** Opening Records shown block **
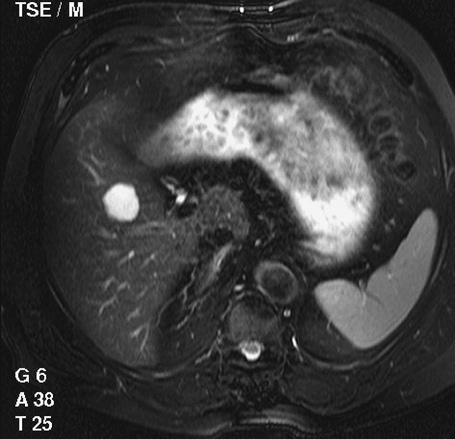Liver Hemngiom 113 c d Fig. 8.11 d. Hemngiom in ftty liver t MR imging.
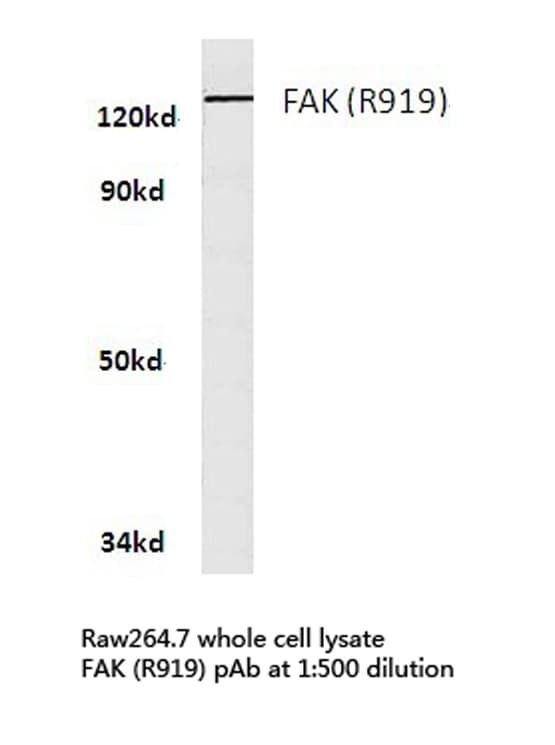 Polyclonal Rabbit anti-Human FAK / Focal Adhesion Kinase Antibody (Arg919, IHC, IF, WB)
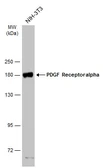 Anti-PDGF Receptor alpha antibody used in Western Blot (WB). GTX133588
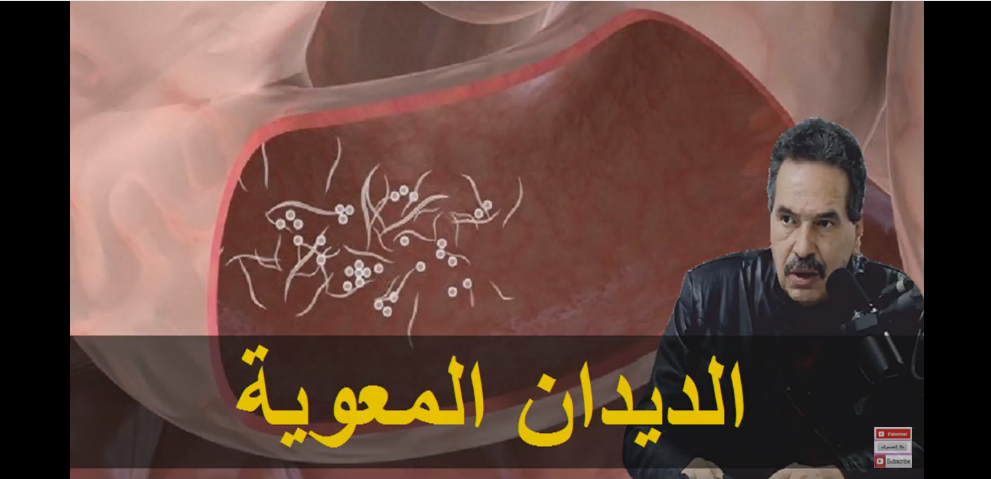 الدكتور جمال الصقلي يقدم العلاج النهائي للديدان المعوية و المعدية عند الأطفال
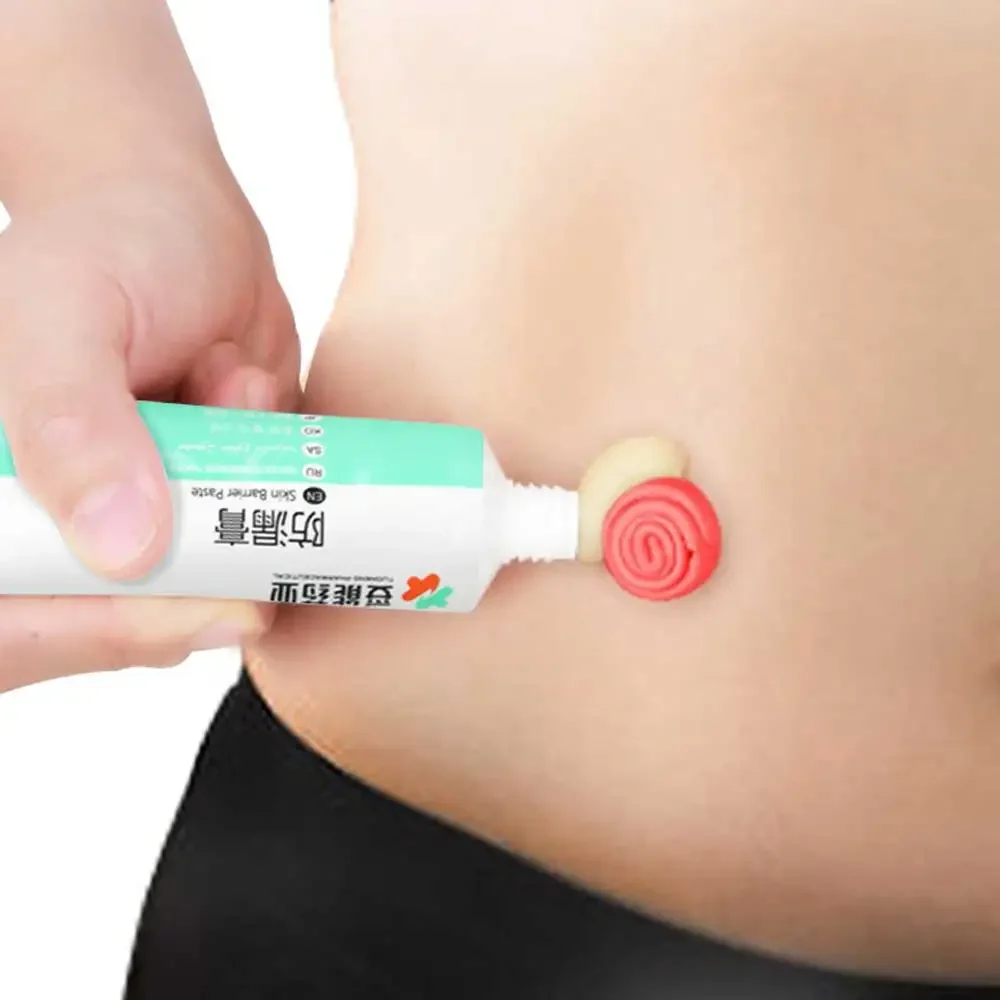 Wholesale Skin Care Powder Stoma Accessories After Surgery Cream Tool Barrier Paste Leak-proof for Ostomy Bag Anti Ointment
** Closing Records shown block **
** Opening Records shown block **
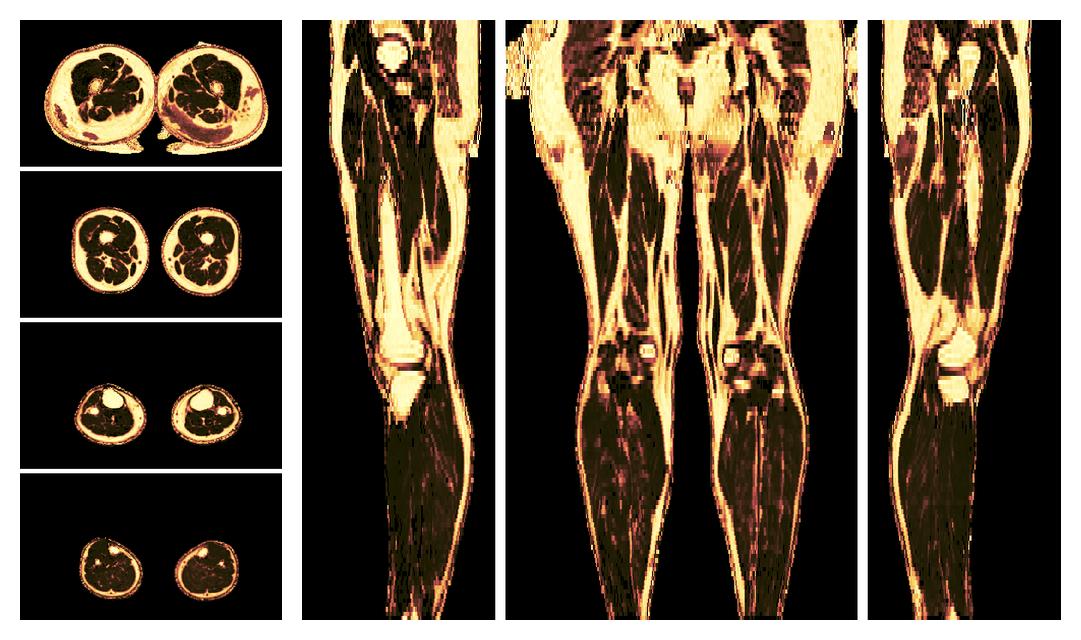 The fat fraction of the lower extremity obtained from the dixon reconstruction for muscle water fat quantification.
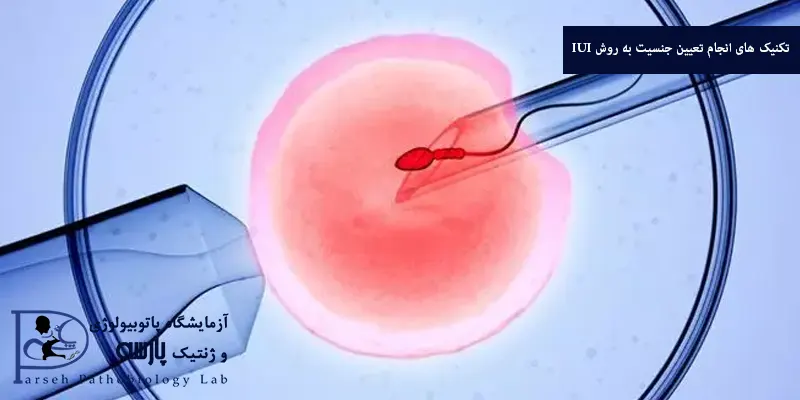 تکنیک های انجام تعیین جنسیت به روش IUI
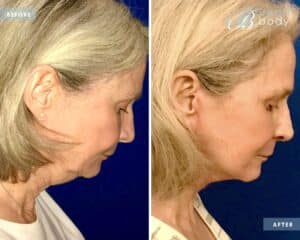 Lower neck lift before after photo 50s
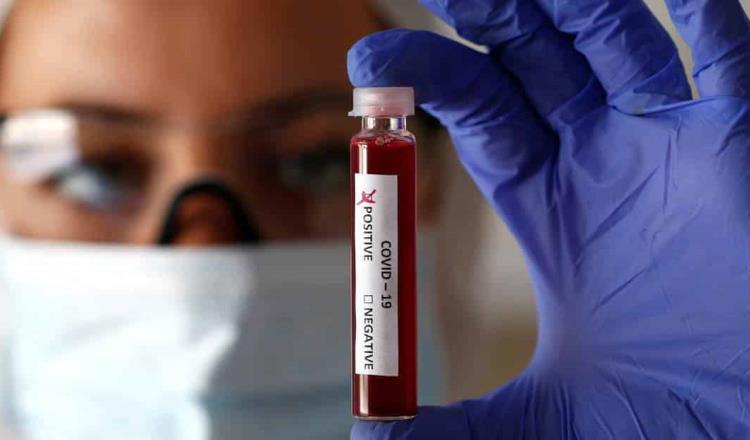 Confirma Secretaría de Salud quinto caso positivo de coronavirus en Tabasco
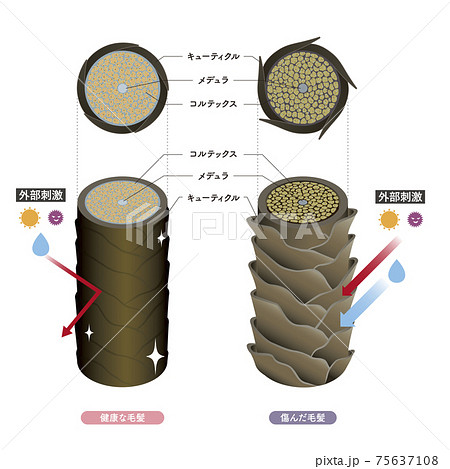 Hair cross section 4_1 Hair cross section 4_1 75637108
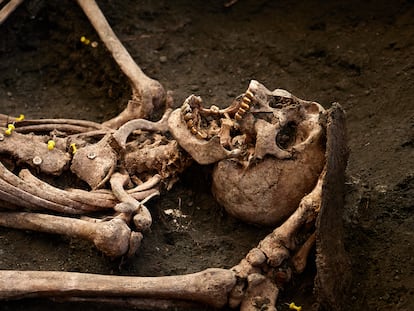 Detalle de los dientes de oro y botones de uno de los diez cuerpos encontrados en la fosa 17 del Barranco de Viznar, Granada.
** Closing Records shown block **
Problem description
Within the entries above, the lines from the one containing "تکنیک های انجام تعیین جنسیت به روش IUI" through the one containing "Hair cross section 4_1 Hair" are to be transcribed exactly, ends included, pictures excluded.

Result of the exercise
 تکنیک های انجام تعیین جنسیت به روش IUI
 Lower neck lift before after photo 50s
 Confirma Secretaría de Salud quinto caso positivo de coronavirus en Tabasco
 Hair cross section 4_1 Hair cross section 4_1 75637108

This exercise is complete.